Come promesso ieri, finisco di dire la mia.
Sbagliato è ovviamente anche il paragone con la Svizzera, nazione con cui non si possono paragonare gli States per struttura economico/sociale, estensione, densità, etnie ecc..., mentre è vero, ma fino ad un certo punto, che non solo gli States sono nati su un genocidio, perchè c'è tutta la storia degli Stati dell'Oceania, ove è stato compiuto un genocidio molto simile a quello dei nativi americani (anche se, almeno per quel che so, molto minore è stato l'uso degli schiavi neri, mentre in Usa la combinazione genocidio indigeno e importazione di manodopera schiavista è fondamentale), ma anche lì si tratta di situazioni difficilmente paragonabili agli States, visto che là c'è il Commonwealth, una densità molto basse e alcune zone ancora molto poco 'civilizzate' e perchè, soprattutto, gli statunitensi con il discorso del cowboy e della frontiera devono ancora realmente farci i conti psicologici, soprattutto nella Bible Belt e comunque nelle aree rurali a profonda tradizione razzista e schiavista.

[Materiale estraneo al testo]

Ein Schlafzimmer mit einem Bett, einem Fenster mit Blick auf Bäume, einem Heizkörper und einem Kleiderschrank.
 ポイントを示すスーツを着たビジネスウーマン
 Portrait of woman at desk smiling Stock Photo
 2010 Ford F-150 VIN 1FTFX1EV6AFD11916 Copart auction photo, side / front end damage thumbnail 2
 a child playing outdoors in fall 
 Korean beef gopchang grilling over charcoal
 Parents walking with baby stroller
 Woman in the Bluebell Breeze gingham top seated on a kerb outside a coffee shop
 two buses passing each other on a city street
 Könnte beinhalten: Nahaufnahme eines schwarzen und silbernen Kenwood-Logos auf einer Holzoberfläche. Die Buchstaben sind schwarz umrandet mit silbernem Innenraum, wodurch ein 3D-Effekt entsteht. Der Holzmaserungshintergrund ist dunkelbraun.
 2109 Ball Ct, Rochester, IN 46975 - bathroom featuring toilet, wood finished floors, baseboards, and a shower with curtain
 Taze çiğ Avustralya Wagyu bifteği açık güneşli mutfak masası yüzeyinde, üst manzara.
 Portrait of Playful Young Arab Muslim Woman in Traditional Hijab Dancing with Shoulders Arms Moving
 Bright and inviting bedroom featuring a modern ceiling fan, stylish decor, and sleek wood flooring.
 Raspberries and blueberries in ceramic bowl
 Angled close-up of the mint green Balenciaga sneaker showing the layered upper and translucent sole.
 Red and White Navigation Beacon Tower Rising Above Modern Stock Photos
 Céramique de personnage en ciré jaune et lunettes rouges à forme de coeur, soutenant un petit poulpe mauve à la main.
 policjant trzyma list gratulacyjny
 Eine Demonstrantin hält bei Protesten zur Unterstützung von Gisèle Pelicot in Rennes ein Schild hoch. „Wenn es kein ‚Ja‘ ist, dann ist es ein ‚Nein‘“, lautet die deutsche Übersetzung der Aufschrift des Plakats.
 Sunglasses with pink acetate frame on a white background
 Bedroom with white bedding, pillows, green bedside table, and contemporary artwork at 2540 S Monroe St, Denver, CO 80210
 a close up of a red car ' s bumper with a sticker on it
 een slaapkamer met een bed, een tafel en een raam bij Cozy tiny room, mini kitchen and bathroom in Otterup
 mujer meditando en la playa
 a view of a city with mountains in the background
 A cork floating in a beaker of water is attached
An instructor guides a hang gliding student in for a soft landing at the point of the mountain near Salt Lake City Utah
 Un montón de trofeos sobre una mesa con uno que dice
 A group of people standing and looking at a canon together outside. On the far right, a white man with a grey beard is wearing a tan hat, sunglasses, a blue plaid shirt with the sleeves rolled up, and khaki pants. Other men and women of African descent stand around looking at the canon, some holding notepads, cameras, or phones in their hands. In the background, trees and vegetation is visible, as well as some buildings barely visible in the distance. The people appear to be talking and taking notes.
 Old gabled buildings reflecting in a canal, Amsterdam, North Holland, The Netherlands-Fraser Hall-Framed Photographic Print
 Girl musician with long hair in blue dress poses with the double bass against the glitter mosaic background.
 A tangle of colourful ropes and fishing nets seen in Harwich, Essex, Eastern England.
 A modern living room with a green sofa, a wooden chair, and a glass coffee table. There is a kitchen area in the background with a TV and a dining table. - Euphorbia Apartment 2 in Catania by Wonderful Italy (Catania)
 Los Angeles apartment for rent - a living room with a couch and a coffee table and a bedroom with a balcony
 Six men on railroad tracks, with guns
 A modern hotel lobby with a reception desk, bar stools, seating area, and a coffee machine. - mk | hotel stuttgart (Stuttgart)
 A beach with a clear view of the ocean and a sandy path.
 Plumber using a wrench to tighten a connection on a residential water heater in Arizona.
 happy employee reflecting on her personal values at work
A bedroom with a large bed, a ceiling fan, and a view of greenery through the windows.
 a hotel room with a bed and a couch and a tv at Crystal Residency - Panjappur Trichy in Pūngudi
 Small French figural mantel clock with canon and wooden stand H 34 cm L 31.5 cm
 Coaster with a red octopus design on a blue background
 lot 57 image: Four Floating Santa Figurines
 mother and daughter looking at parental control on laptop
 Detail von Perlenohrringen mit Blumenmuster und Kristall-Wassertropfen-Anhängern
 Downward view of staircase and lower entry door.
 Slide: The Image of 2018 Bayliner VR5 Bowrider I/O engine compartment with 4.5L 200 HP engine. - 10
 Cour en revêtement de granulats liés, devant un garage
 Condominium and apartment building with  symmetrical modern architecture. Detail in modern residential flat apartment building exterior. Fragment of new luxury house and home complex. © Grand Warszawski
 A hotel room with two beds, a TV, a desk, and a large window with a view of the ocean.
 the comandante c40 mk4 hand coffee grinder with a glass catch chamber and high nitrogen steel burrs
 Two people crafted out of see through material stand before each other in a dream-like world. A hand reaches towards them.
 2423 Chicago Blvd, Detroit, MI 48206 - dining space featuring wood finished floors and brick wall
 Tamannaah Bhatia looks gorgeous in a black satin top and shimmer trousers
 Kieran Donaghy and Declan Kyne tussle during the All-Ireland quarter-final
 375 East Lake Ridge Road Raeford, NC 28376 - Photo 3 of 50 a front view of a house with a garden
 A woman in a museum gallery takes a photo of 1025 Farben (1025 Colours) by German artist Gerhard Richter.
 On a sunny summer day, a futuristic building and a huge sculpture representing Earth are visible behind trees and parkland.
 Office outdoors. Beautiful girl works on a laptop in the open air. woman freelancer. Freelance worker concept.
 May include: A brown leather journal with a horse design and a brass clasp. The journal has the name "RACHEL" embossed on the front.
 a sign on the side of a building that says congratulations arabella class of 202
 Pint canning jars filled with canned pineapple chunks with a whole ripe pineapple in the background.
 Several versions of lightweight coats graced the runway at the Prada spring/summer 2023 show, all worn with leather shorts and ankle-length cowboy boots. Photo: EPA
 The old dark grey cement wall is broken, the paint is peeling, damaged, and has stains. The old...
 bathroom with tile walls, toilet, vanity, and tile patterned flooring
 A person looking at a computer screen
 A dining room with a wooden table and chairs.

Però Moore, quando parla delle metropoli, individua due punti secondo me nodali soprattutto se abbinati: questione 'razziale' e questione sociale, che sono intimamente legate, basta vedere il concetto di iperghetto, come dimensione totalizzante, che la sociologia ha molto studiato, e il razzimo sociale dei cosidetti wasp verso latinos e mediterranei...un melting pot in cui non c'è stata l'amalgama giusta per un motivo economico strutturale: l'assenza di qualsivoglia dimensione collettiva di contrattazione e di welfare e il relegare tutto alla gestione individuale, e dunque al perpetuarsi delle differenze di censo, di stile di vita, di luoghi abitativi e quartieri tra le classi socioeconomiche, in cui solo pochi tra i poveri non bianchi emergerà nella società, mentre i 'bianchi poveri' (categoria molto studiata nella sociologia yankee) spesso cade nel razzismo e negli istinti violenti, per la frustrazione di non aver sfruttato la loro chance, visto che il capitalismo statunitense è quello della 'grande occasione', ma chi la perde è al margine.
Credo che questi punti siano imprescindibili per una riflessione sulla violenza e sull'uso delle armi da fuoco in Usa.